Chinese finance giant Ant Group wants to link mobile payment apps globally and is aiming to increase its global footprint through its digital product, Alipay+.
TakeAway Points:
- Chinese finance giant Ant Group wants to link mobile payment apps globally.
- According to the report, Ant aims to capitalise on the early entrants into those markets with its Alipay+ product.
- According to Ant, Alipay+ currently links 1.5 billion customer accounts across more than 25 e-wallets and bank apps to 88 million merchants in 57 countries and territories.
Ant Group to Link Mobile Payment Apps Globally
Ant Group hopes to use its Alipay+ product to grow into the payments markets of Latin America, the Middle East, and Europe.
“What we found is that people want to use their home e-wallets when they travel abroad. So they don’t want to have to load their card into another app that they don’t know as well,” Douglas Feagin, senior vice president of Ant Group, an affiliate of Chinese tech giant Alibaba, said.
Ant International, the worldwide arm of the firm, launched Alipay+ in 2020. With the help of local partners in other countries, foreigners can utilise apps from their home countries to make payments in China by scanning the QR codes of Alipay, the platform that Ant primarily focuses on domestically.
“We see a huge opportunity for expansion and the relatively broad coverage we have in Asia, which we would like to replicate in places like the Middle East, Latam and Europe,” said Feagin. “People from all these regions are going to other regions, so there is a big opportunity to expand.”
According to Feagin, who is also president of Ant International, Ant had invested in nation-specific e-wallets around Asia, but the CEOs desired to expand their goods beyond that.
Feagin stated that although the company did receive some business from consumers travelling outside of China, it was “primarily focused on where the Chinese visitors went.” Through Alipay, Ant had made its way into Europe and the United States, where Chinese travel was flourishing prior to the COVID-19 outbreak.
Ant aims to capitalise on the early entrants into those markets with its Alipay+ product.
“We had the benefit that Alipay was already accepted by many merchants around the world so one of our first steps was to convert those merchants to Alipay+ merchants. So instead of just accepting a wallet, they can accept many wallets,” said Feagin.
According to Ant, Alipay+ currently links 1.5 billion customer accounts across more than 25 e-wallets and bank apps to 88 million merchants in 57 countries and territories.
Ant Expands Markets
Ant purchased investments in a number of businesses as part of its international commercial expansion, including South Korea’s Kakao Pay in 2017 and Singapore payments company 2C2P in 2022.
Moreover, Ant worked with national digital payment providers last year, including ZeroPay in South Korea, DuitNow QR in Malaysia, and SGQR in Singapore.
“Ant Group’s early vision for global expansion was centered on Southeast Asia. The company took strategic stakes in e-wallets in every major Southeast Asian economy,” Zennon Kapron, founder and director of consultancy Kapronasia, said in a report in January.
Along with Cambodia, Ant is also growing in emerging areas like Sri Lanka. Along with its expansion into the Middle East, the company has entered the European market by partnering with Dubai Duty Free at the beginning of this year, as well as European e-wallets Tinaba in July of last year and Nexi in February.

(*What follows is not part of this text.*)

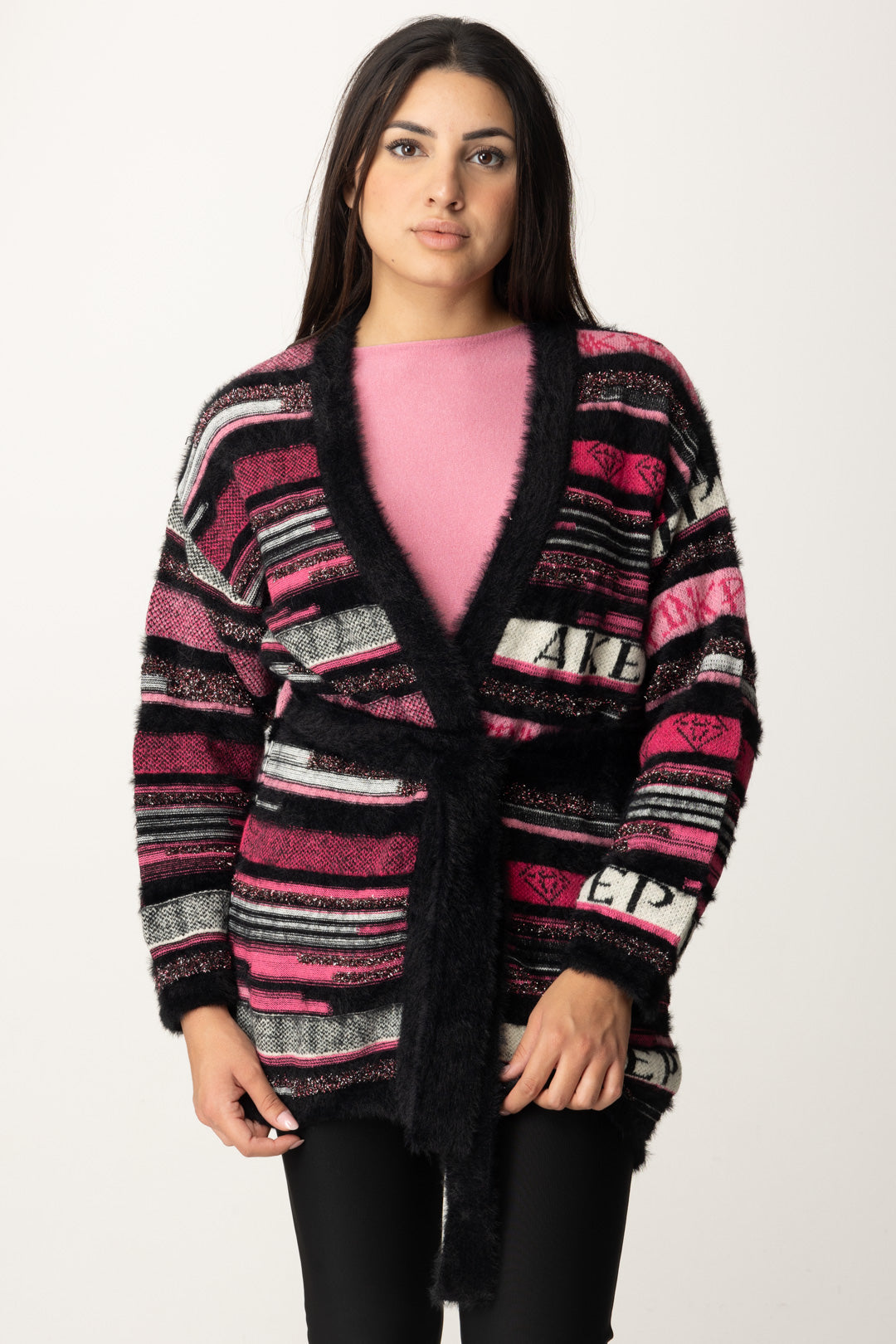 Akep Donna Cardigan Pink Panter con Cintura MGKD08002 VARIANTE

In addition, there are prospects for expansion in the company’s well-established regions, such as Singapore and South Korea. For example, while mobile payments are widely used in China, their utilisation is still significantly lower than in other nations, according to Feagin.
“There’s huge room to grow. I think a lot of people just think of using traditional payment methods when they go abroad. When you think about the big markets that receive a lot of tourists, like Thailand and Japan, the chances for payment from mobile apps to grow are enormous.”

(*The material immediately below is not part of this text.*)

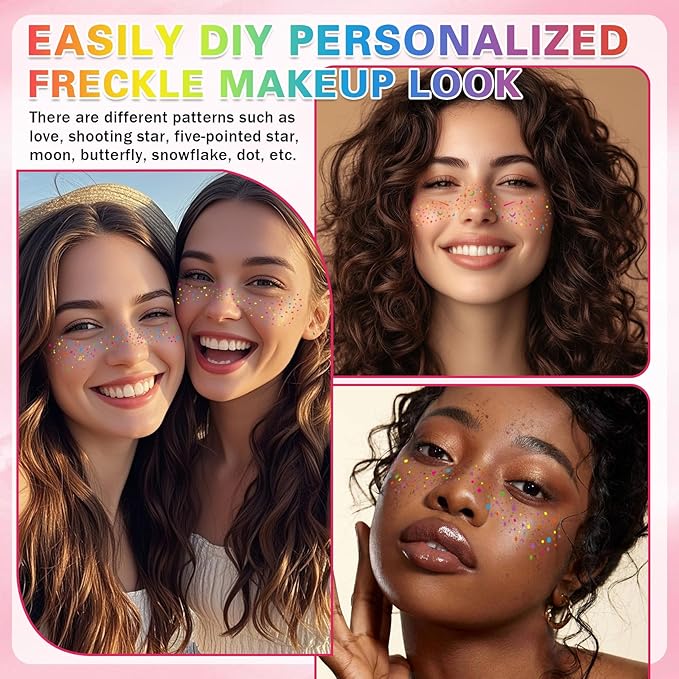 10 PCS Multi-color Glitter Freckles Facs Tattoos, Rainbow Freckles Makeup Patches, Long Lasting Glitter Temporary Tattoos for Halloween Christmas Party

Ant’s Modification of Global Expansion Strategy
The regulators’ decision to halt Ant Group’s initial public offering in November 2020 cast doubt on the company’s future in China.
Ant had no choice but to reorganize in order to become a central bank-regulated financial holding company.

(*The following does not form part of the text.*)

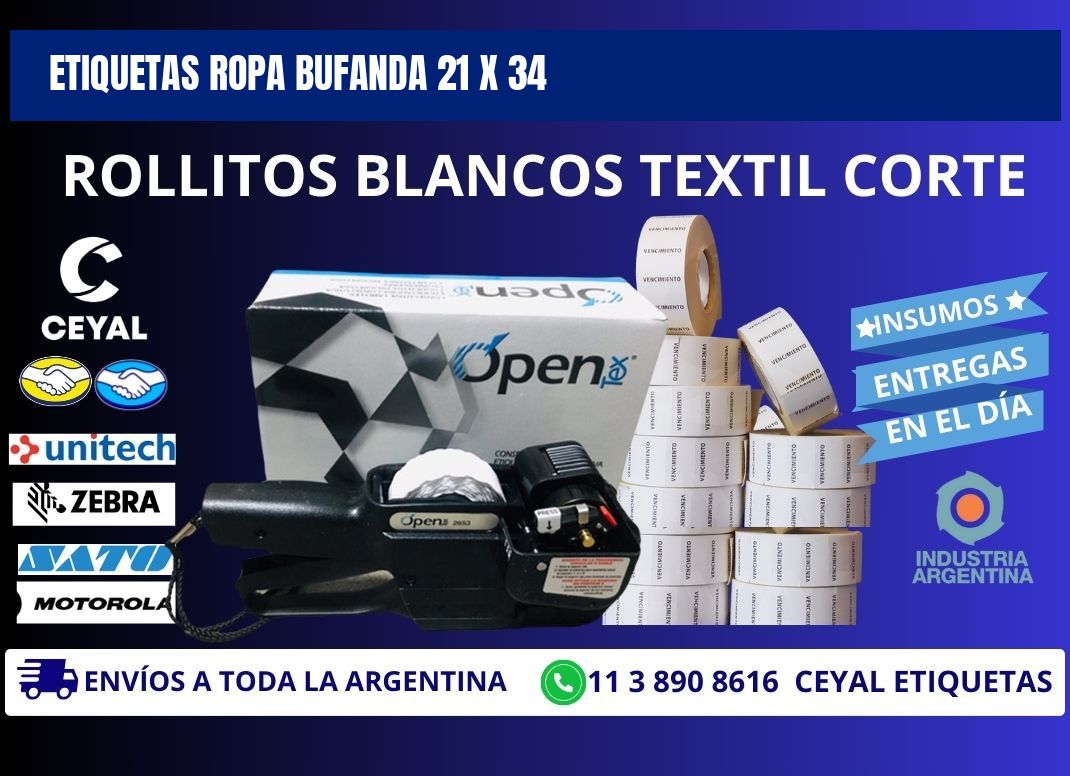 ETIQUETAS ROPA BUFANDA 21 x 34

“Following restructuring mandated by China’s regulators that occurred concurrently with various geopolitical tensions that impacted its ability to expand in certain markets, Ant modified its global expansion strategy. The result was Alipay+ which aims to resolve interoperability hiccups for e-wallets,” Kapron said.
According to Feagin, the company first focused on populous nations in order to quickly increase the number of its users. It also examined popular travel locations like Singapore, Thailand, and Japan.
“These are big markets for people wanting to come and visit and so we focused a lot on building out their merchant coverage there,” said Feagin.
Presently, it is intensifying its worldwide growth, focusing on the markets in Europe, Latin America, and the Middle East.